Les protestaires disaient qu’ils souffraient, avaient même exprimé leur inquiétude par rapport à la santé mentale de leurs enfants transformés, le temps d’un été, en zombies.

Je ne jugerai pas de la souffrance des autres, ce n’est pas mon rôle. Je me sens cependant obligé, au nom de ceux qui adhèrent aux idées nouvelles, de faire un constat. Avec l’introduction ratée de l’heure d’été sur une base permanente, c’est la faculté d’adaptation du Mauricien au changement qui a été sérieusement ébranlée. Durant l’été 2008, il a été soumis au test, il a échoué.

Pour la majorité d’entre nous, rien ne saurait remplacer les bonnes vieilles habitudes, les traditions. A part quelques retouches cosmétiques, apportées ça et là, nous refusons de voir modifier sous nos yeux le beau tableau que nous appelons notre quotidien. Nous ne pouvons supporter de voir notre train-train changer de rythme, prendre un chemin de traverse.

Quant à nos traditions, nous y sommes ancrés. Rien ne saurait nous en extirper. Elles exercent un chantage émotionnel sur nous, se substituent aux cultures et religions qu’elles sont censées représenter, en devenant l’objet même de la vénération.
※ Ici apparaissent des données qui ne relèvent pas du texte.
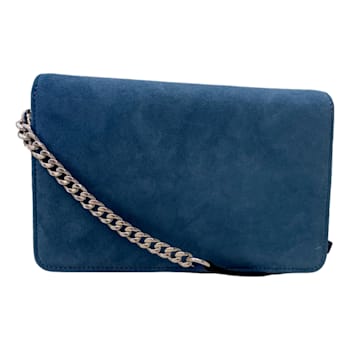 Jimmy Choo Kalina Parrot Blue Suede Chain Wallet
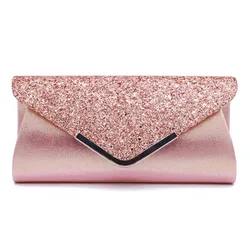 Women Clutch Glitter Sequins Evening Party Handbag Portable Black Gold Silver Pink Wedding Clutch Purse Envelope Clutch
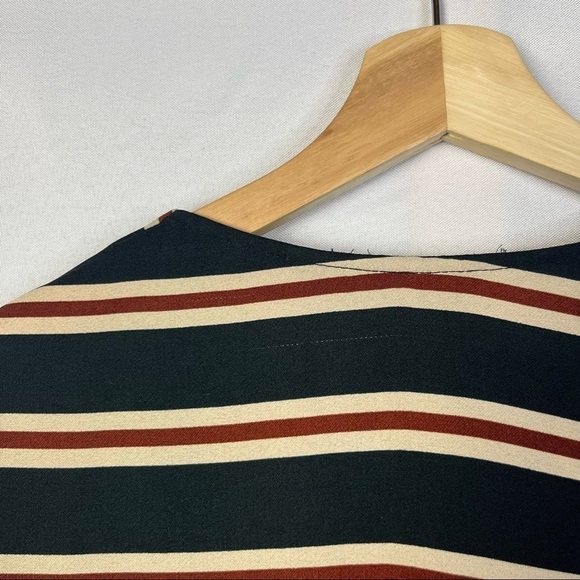 Zara Black & Red Stripe Wrap Around Tie Front Long Sleeve Blouse XS - Picture 6 of 6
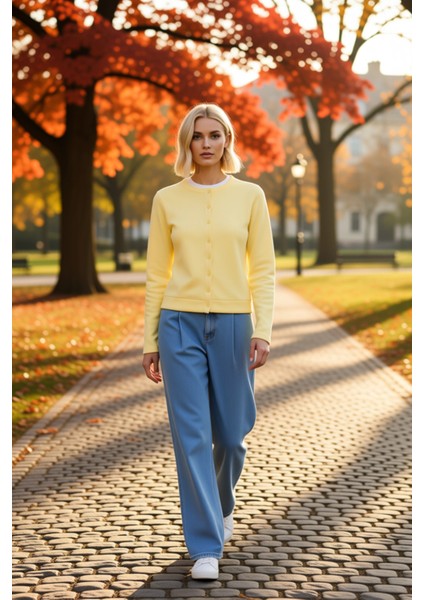 Kadın Bisiklet Yaka Standart Kol Düğmeli Regular Kalıp Örme Üst Fonksiyonel Dayanıklı Spor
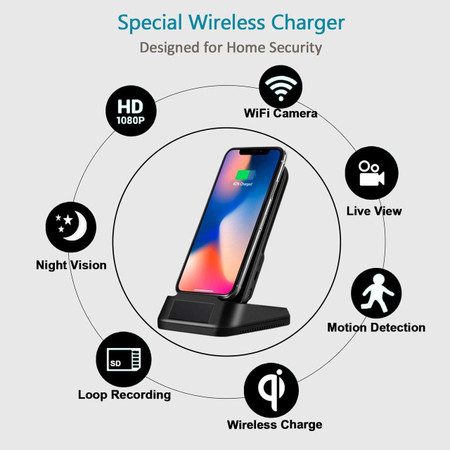 Gio Enterprises Fast Wireless Charger Surveillance Camera with Night Vision, black wireless charging stand with smartphone displaying charging icon, surrounded by icons representing HD 1080P video, WiFi camera, live view, motion detection, night vision, SD loop recording, and Qi wireless charging, designed for home security.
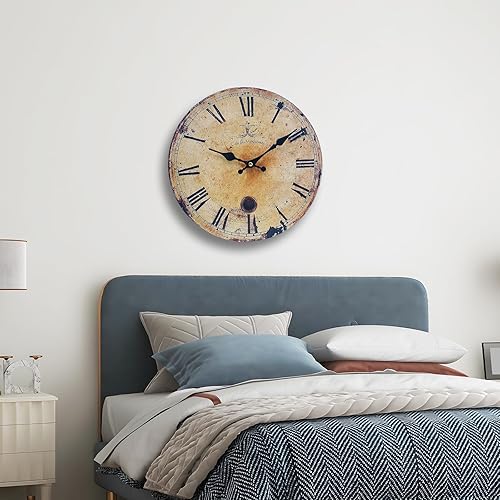 Miniatura 8 de Reloj de pared rústico grande, silencioso, funciona con pilas, para sala de estar, estilo vintage, de 24 pulgadas, sin tictac, para cocina,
Or, rien de tel pour mettre les traditions à l’épreuve que de les bousculer gentiment. Ainsi, à l’avenir, un nouveau groupe pourrait se constituer: celui des Adorateurs de l’Heure d’Eté. Il militerait pous plus de soleil, ferait ses libations le soir à l’autel du couchant. Il assiègerait les journaux, accaparerait les ondes, ferait pression sur les gouvernants pour ré-introduire l’heure d’été…

Ran nu ler lete! serait le slogan. Ridicule? Pas de crainte, le ridicule ne tue pas. La preuve en a largement été faite tout au long de l’été 2008-09.